YOUR TASK: In the copy you make, include no pictures, and transcribe every record exactly.

Records from a dataset
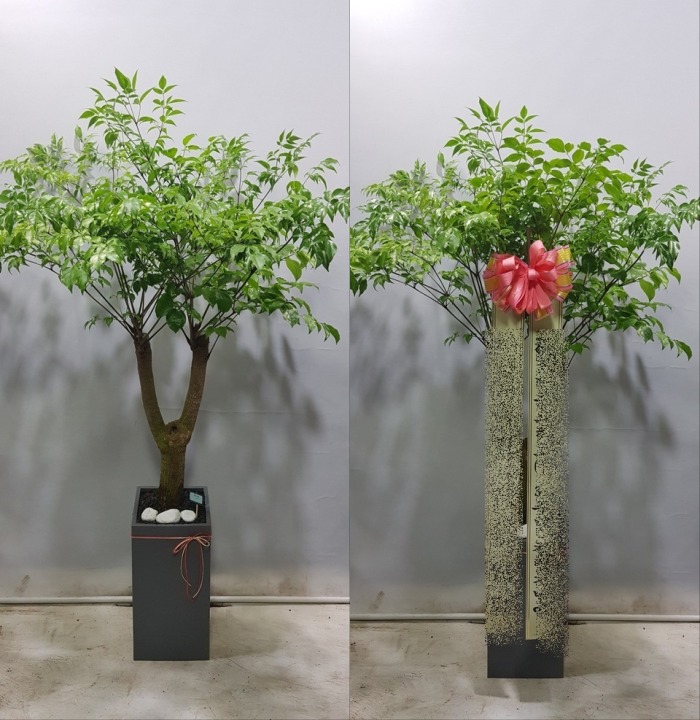 ����ȭ�� ����Ʈ��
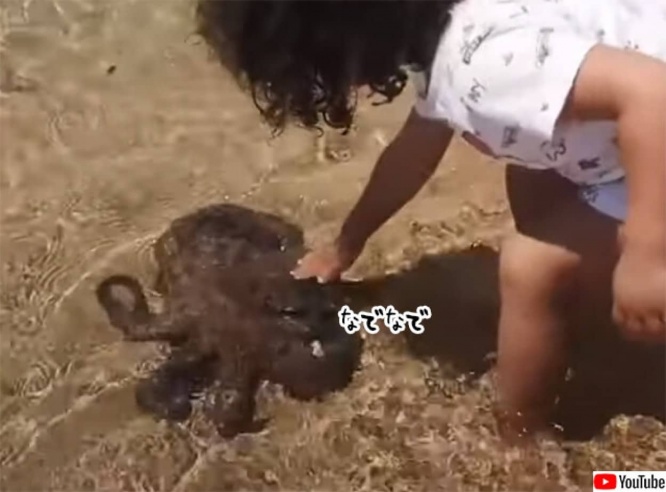 タコだって撫でられたい？波打ち際までやってきて少女に体をなでてもらう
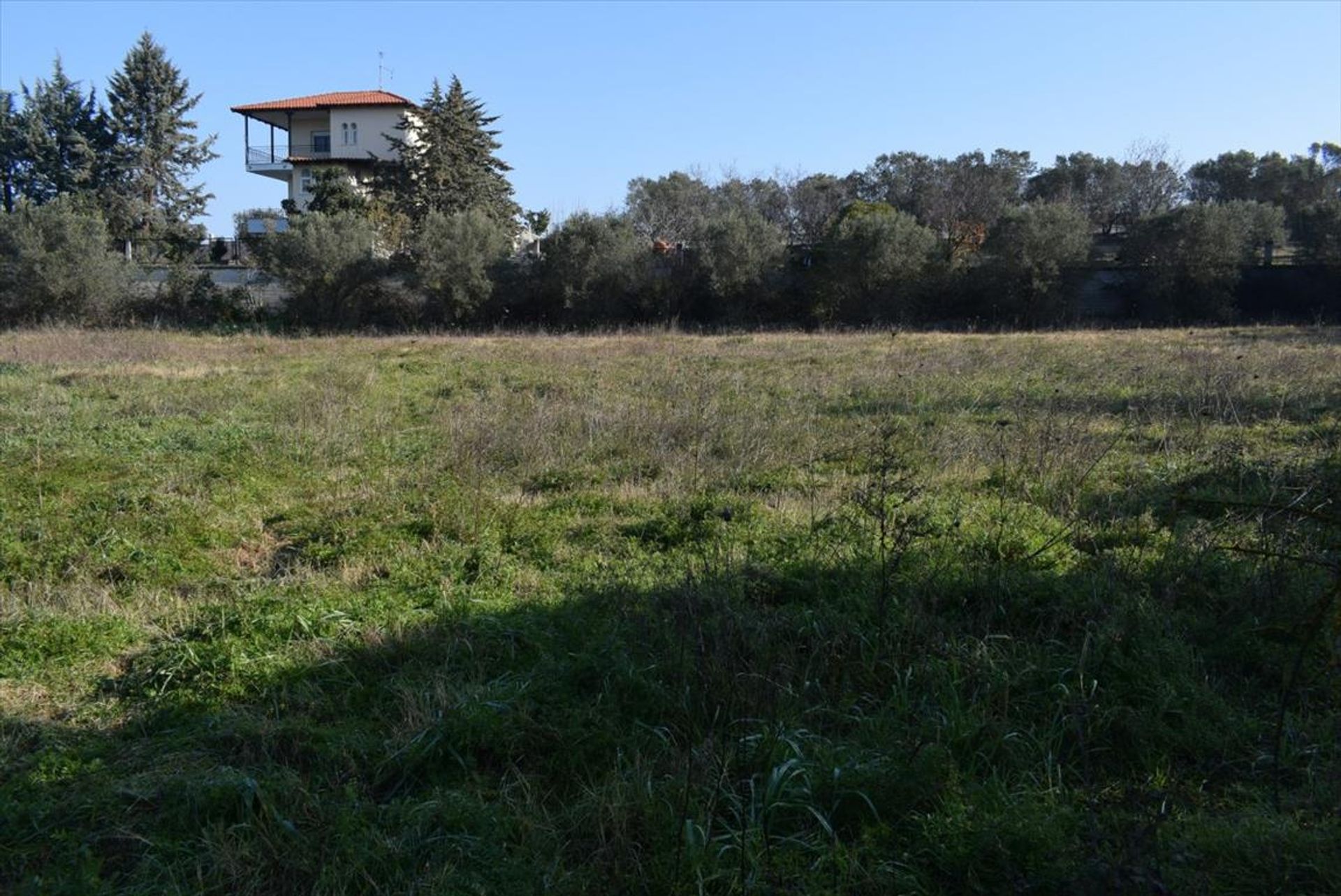 Land in Neo Rysi, Kentriki Makedonia 10797222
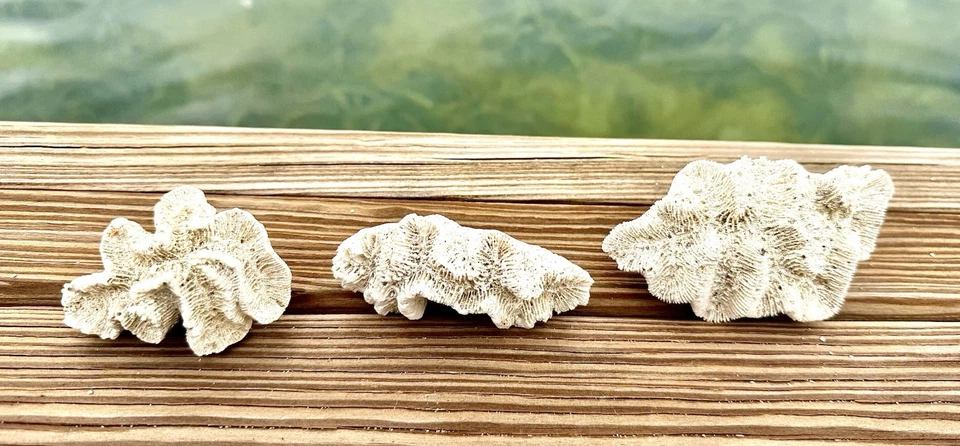 Juego de 3 Key West Piedra Rosa Coral Océano Caribe Atlántico Playa Tropical Decoración���� Foto 2 de 4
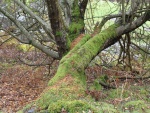 Un gran árbol cubierto de musgo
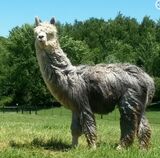 Abe, yearling, full fleece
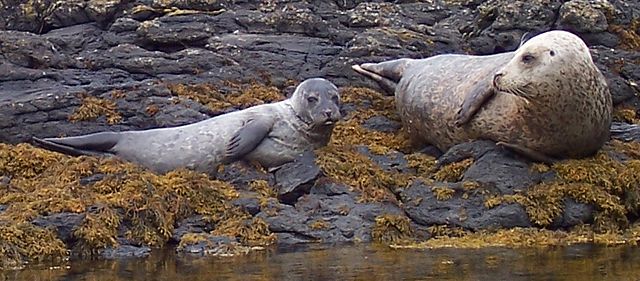 File:Common Seal and pup.jpg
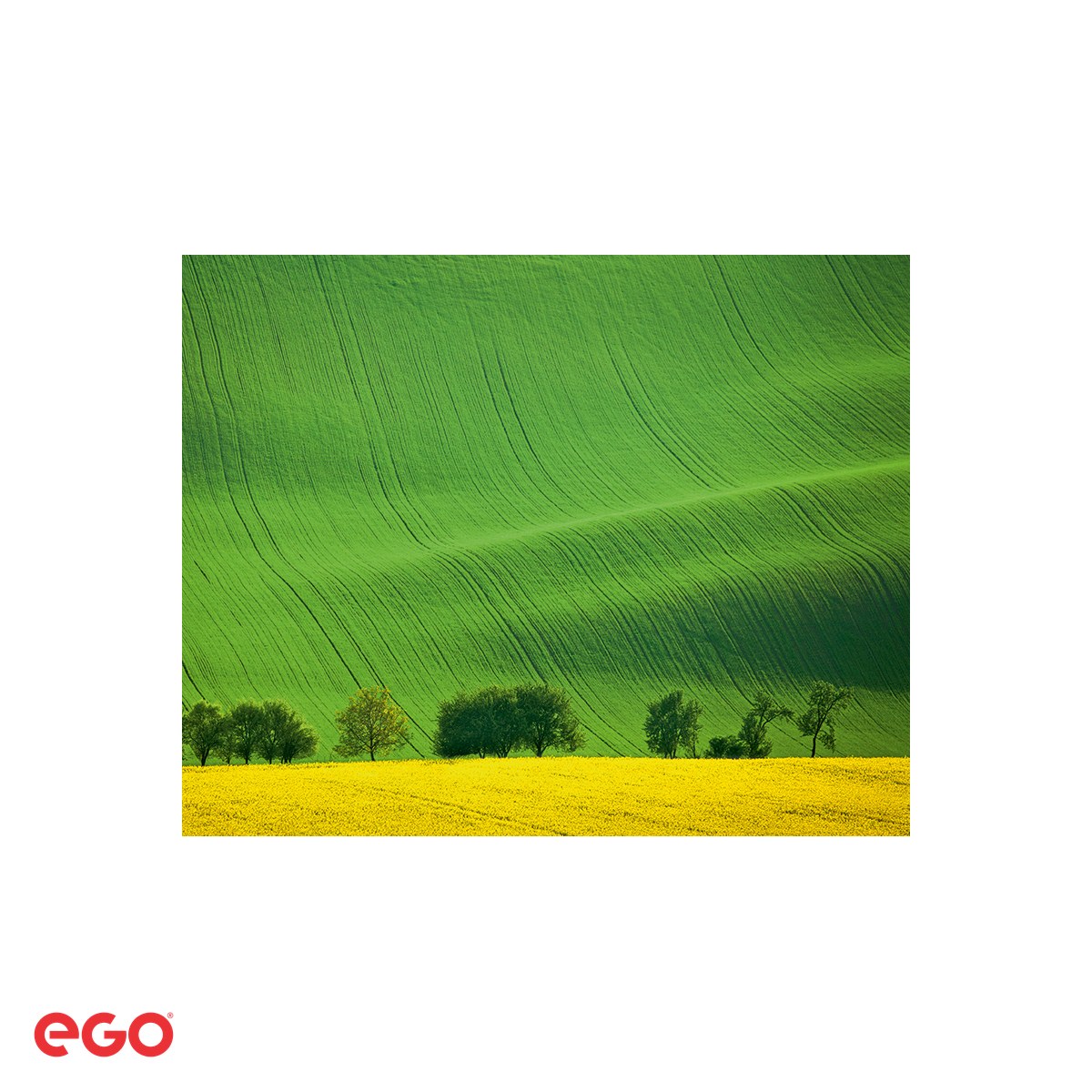 Calendar de perete Ego Green, 13 file, 31.4x46 cm, cu spira metalica [4]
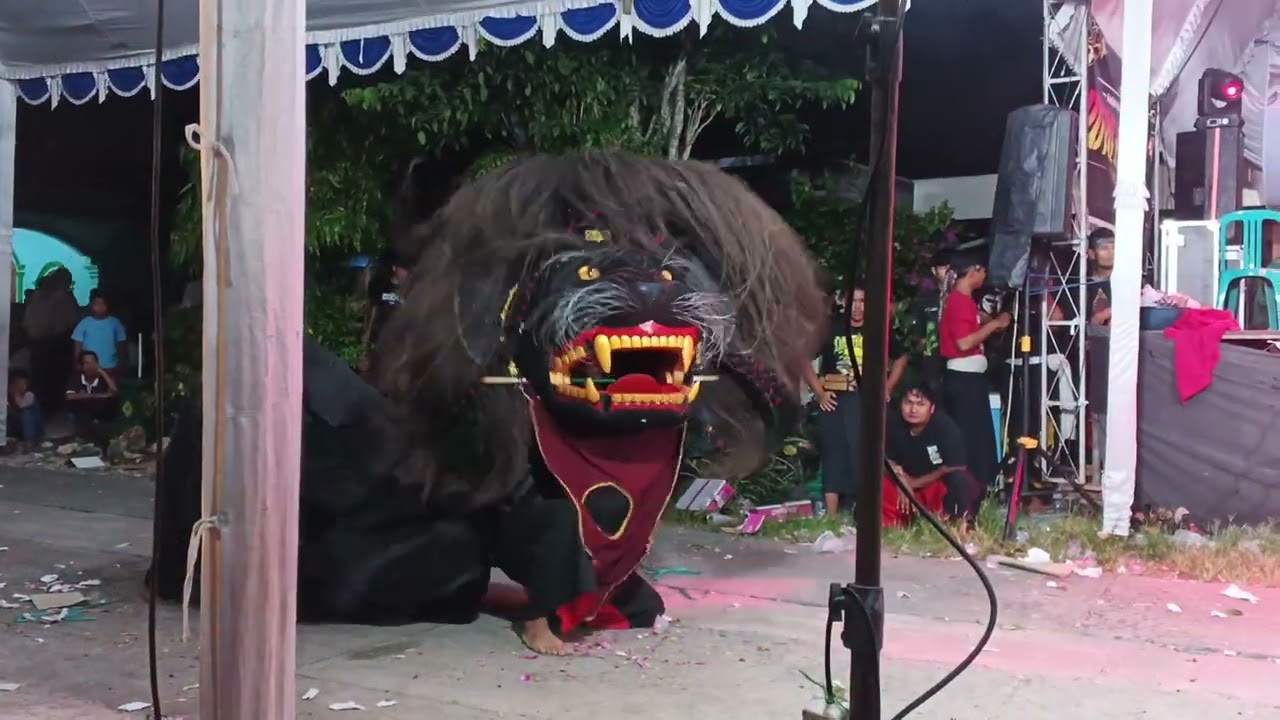 BABAR BARINGAN KUCINGAN HITAM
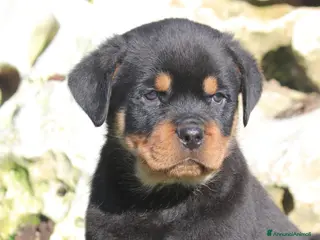 Rottweiler cani ROTTWEILER MASCHIO DISPONIBILE - Annuncio 5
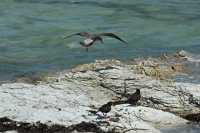 036 Huîtriers et Skua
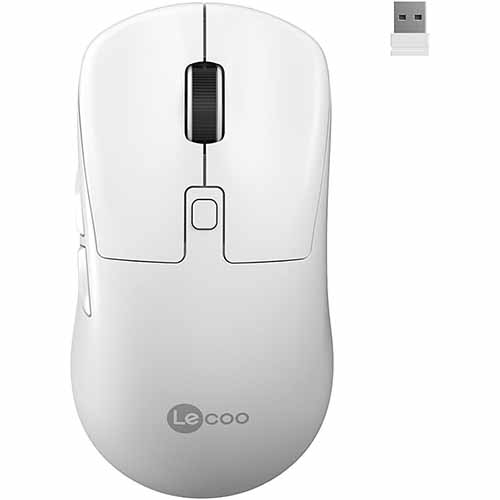 DUAL MODE MOUSE WS216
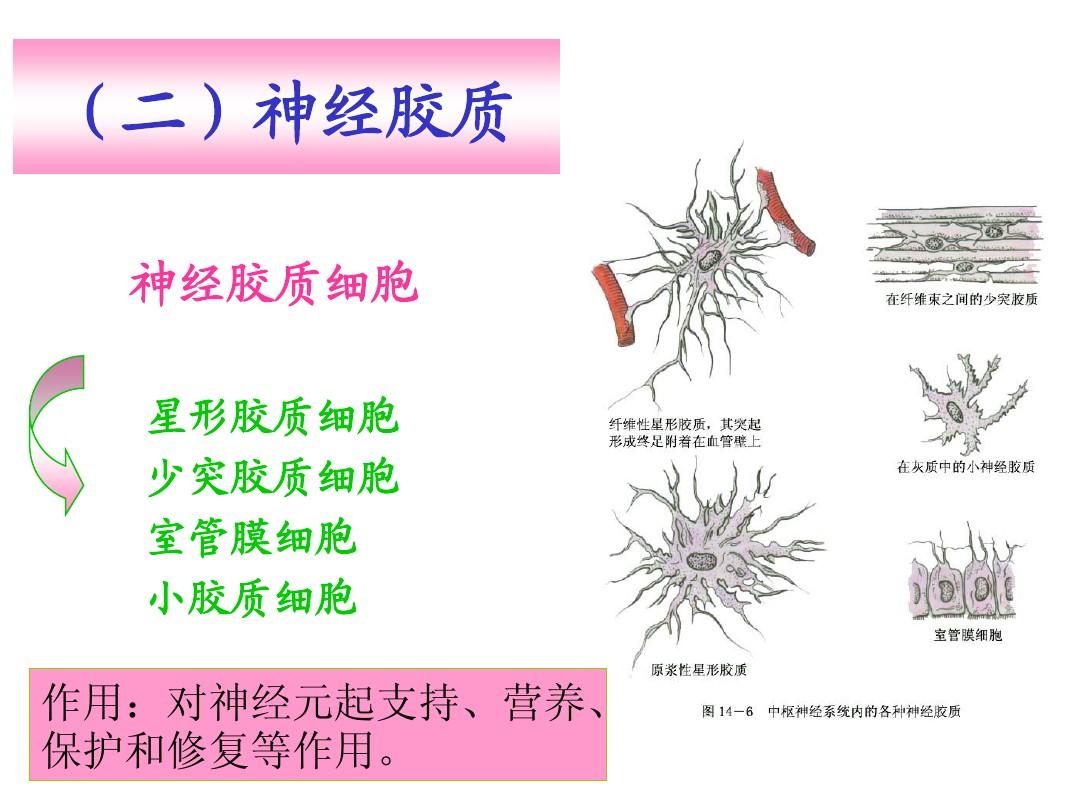 細胞的膜電位_細胞膜電位_細胞膜電位的形成機制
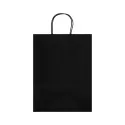 Express Large 160gsm Paper Bag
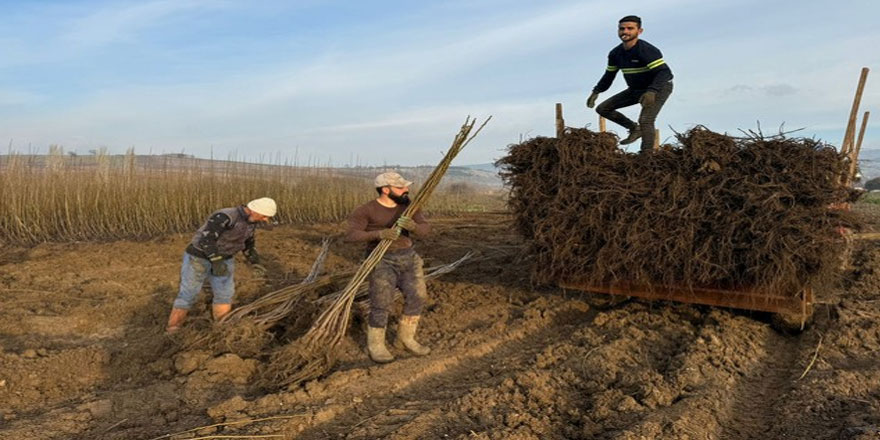 Bandırma’da Güvenilir Ceviz Fidanı Yetiştiriciliği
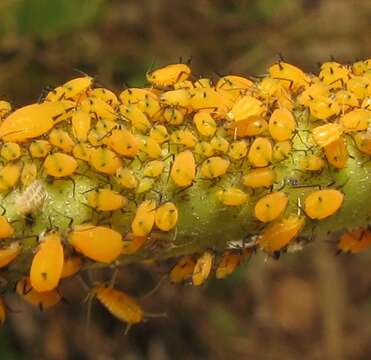 Image of Aphid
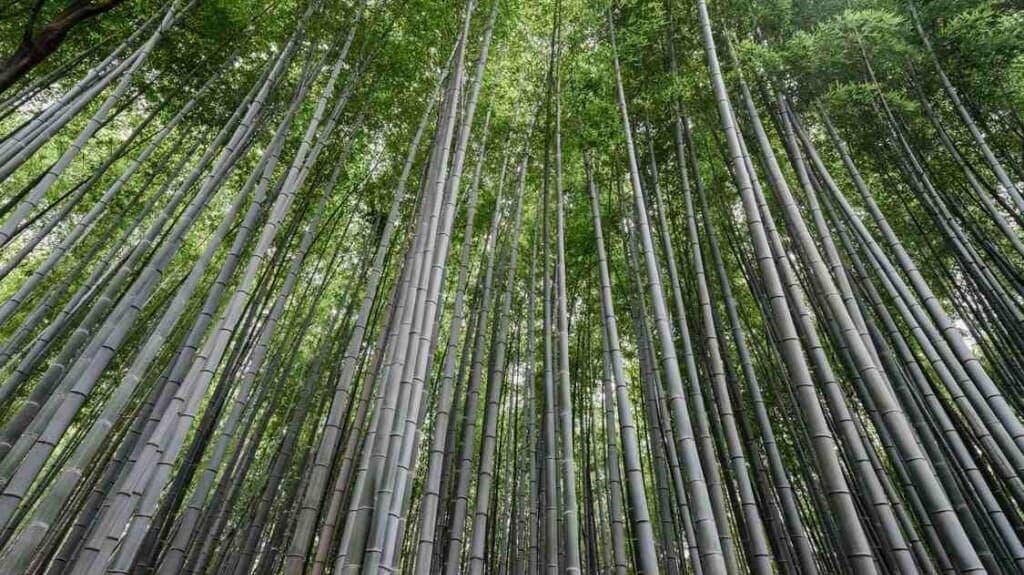 Bamboo: The Surprising Superstar in the Battle Against Plastic Pollution!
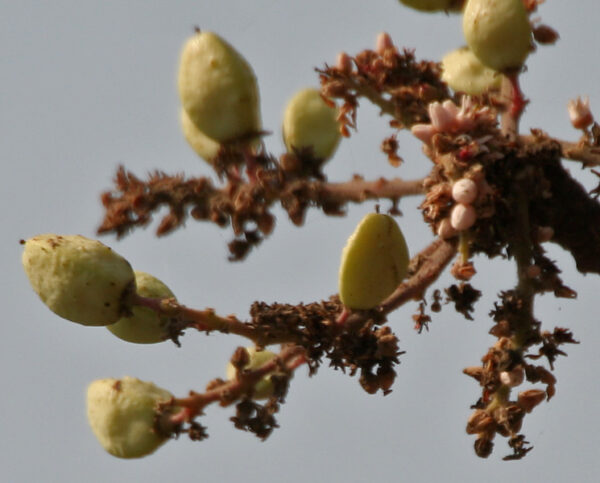 Boswellia serrata - Indian Frankincense, Salai Guggul, Shallaki - Image 8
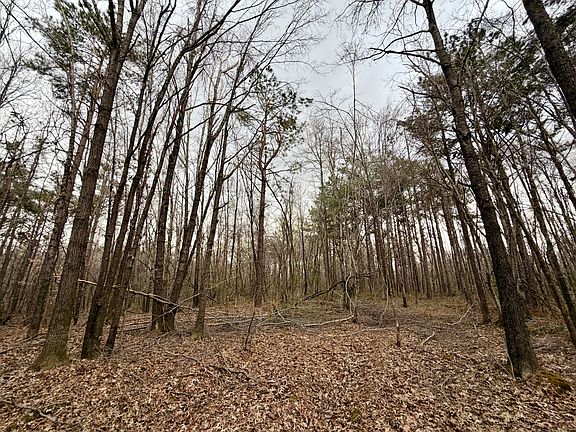 2nd image of County Road 106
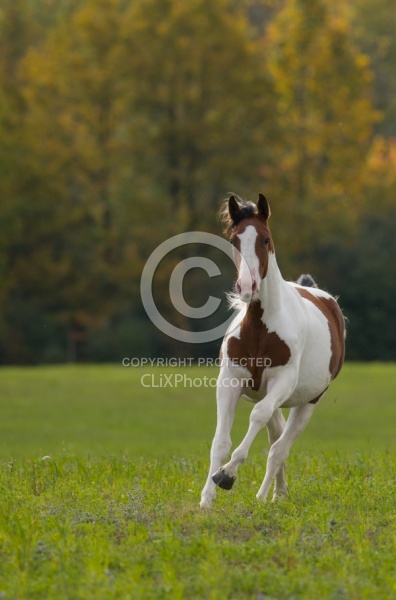 Canadian Warmblood Free Running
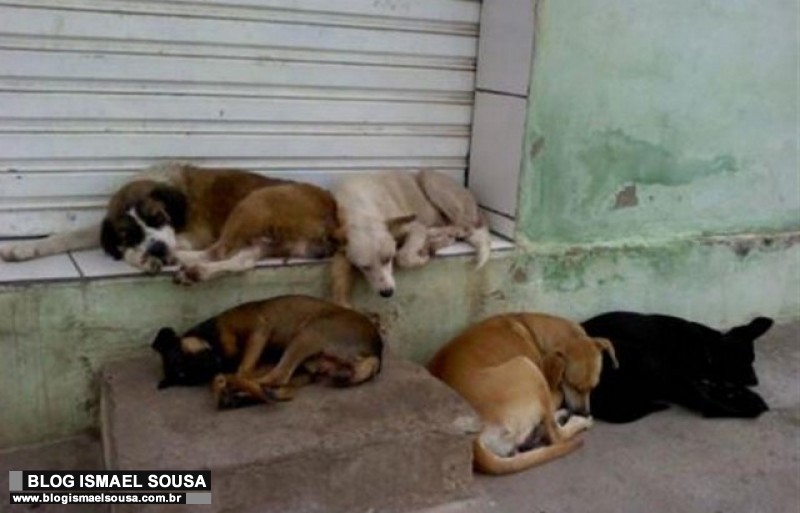 AudiÃªncia pÃºblica vai debater polÃ­ticas pÃºblicas voltadas para animais em MossorÃ³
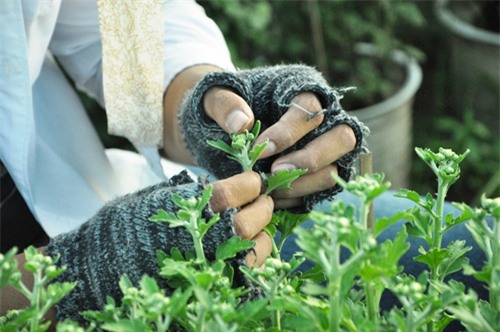 hoa tet khong ket nu, chu vuon o sai gon khoc rong hinh anh 7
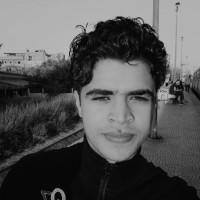 Osama Salam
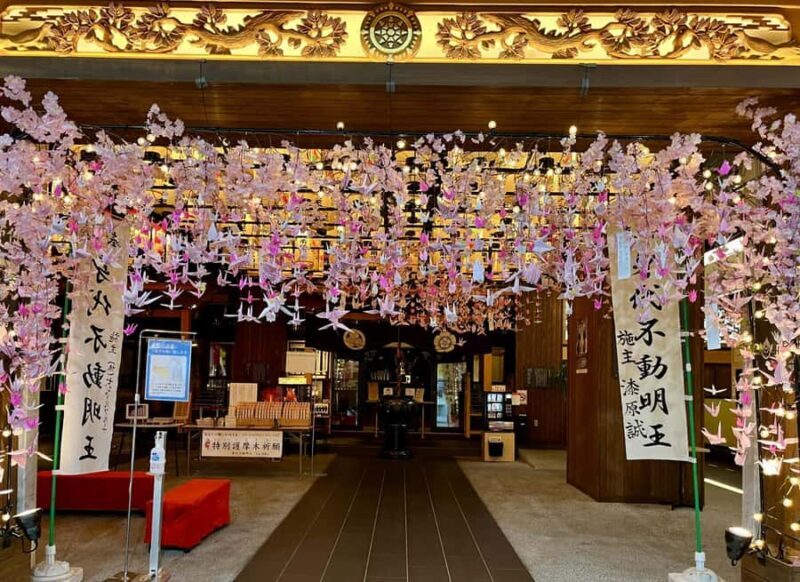 Nagoya Sakura Tour - Introduction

ANSWER SPACE:
 ����ȭ�� ����Ʈ��
 タコだって撫でられたい？波打ち際までやってきて少女に体をなでてもらう
 Land in Neo Rysi, Kentriki Makedonia 10797222
 Juego de 3 Key West Piedra Rosa Coral Océano Caribe Atlántico Playa Tropical Decoración���� Foto 2 de 4
 Un gran árbol cubierto de musgo
 Abe, yearling, full fleece
 File:Common Seal and pup.jpg
 Calendar de perete Ego Green, 13 file, 31.4x46 cm, cu spira metalica [4]
 BABAR BARINGAN KUCINGAN HITAM
 Rottweiler cani ROTTWEILER MASCHIO DISPONIBILE - Annuncio 5
 036 Huîtriers et Skua
 DUAL MODE MOUSE WS216
 細胞的膜電位_細胞膜電位_細胞膜電位的形成機制
 Express Large 160gsm Paper Bag
 Bandırma’da Güvenilir Ceviz Fidanı Yetiştiriciliği
 Image of Aphid
 Bamboo: The Surprising Superstar in the Battle Against Plastic Pollution!
 Boswellia serrata - Indian Frankincense, Salai Guggul, Shallaki - Image 8
 2nd image of County Road 106
 Canadian Warmblood Free Running
 AudiÃªncia pÃºblica vai debater polÃ­ticas pÃºblicas voltadas para animais em MossorÃ³
 hoa tet khong ket nu, chu vuon o sai gon khoc rong hinh anh 7
 Osama Salam
 Nagoya Sakura Tour - Introduction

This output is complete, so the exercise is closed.